Наконец члены суда заняли свои места. После проверки личности обвиняемых председательствующий объявил им состав трибунала и спросил: не будет ли каких-либо отводов личного порядка. Получив отрицательный ответ, председательствующий предоставил слово прокурору, но затем, еще раз заглянув в акты, спросил:
— А где же Панделис Лабринопулос? Я не вижу его среди обвиняемых…
Прокурор встал, подошел к судьям и что-то пояснил им шепотом.
После обвинительной речи прокурора взял слово Иванов. Он заявил, что является поляком, сыном русского офицера, инженером агрономии заморских территорий. Без драматических жестов, совершенно спокойно и вежливо, но вместе с тем решительно он ответил на все поставленные вопросы. Его показания отличались точностью, лаконичностью и знанием дела. Георгий не пытался отвертеться или пустить следствие по ложному следу. Было видно, что он не скрывает ничего из совершенного им, считая все своим патриотическим долгом. При этом Георгий умалчивал обо всем, что могло хоть в какой-то мере отразиться на судьбе товарищей. Поражали при этом его искренность и достоинство, с которыми он держался.
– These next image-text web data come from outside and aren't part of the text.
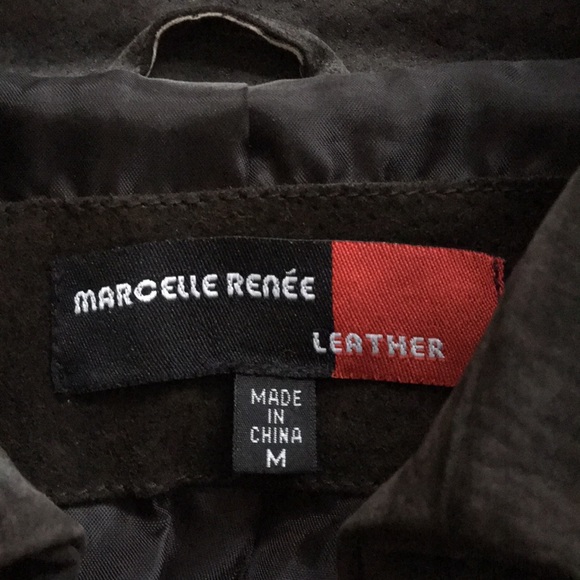 Marcelle Renee Leather Jacket - Picture 2 of 5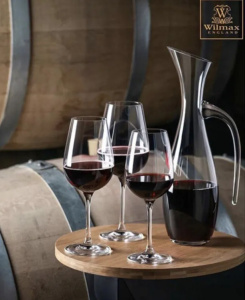 Набор бокалов для вина WILMAX 888001/2С 600мл (2шт)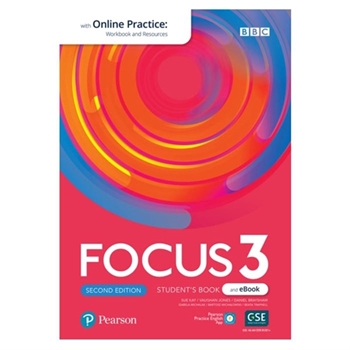 Focus 2e Level 3 Student's Book & eBook w/ Online  resmi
После того как Георгий закончил свою речь, председатель суда заявил:
— Иванов, трибунал с должным уважением относится к вашей позиции, отличающейся смелостью и искренностью. Я, со своей стороны, должен лишь выразить сожаление по поводу того, что волею судьбы человек столь ценный оказался во враждебном нам лагере.
Обвиняемый выслушал комплимент с таким же невозмутимым спокойствием, с каким он ранее слушал речь прокурора, требующего для него смертного приговора. И снова поднялся прокурор. Он, видимо, хотел воспользоваться искренностью обвиняемого и задал каверзный вопрос:
— Иванов, ответьте трибуналу. Если бы вам каким-то образом удалось вырваться на свободу, что бы вы стали делать?
— Продолжал бы борьбу, — коротко ответил Георгий.
— С винтовкой в руках или же опять с помощью всяких подлых диверсионных средств — так, как вы это делали до сих пор?
— Я старался бы нанести врагу как можно больший урон, — ответил обвиняемый и внезапно, припомнив что-то, улыбнулся, — в соответствии с формулой, которую столь часто слышал от немецких солдат.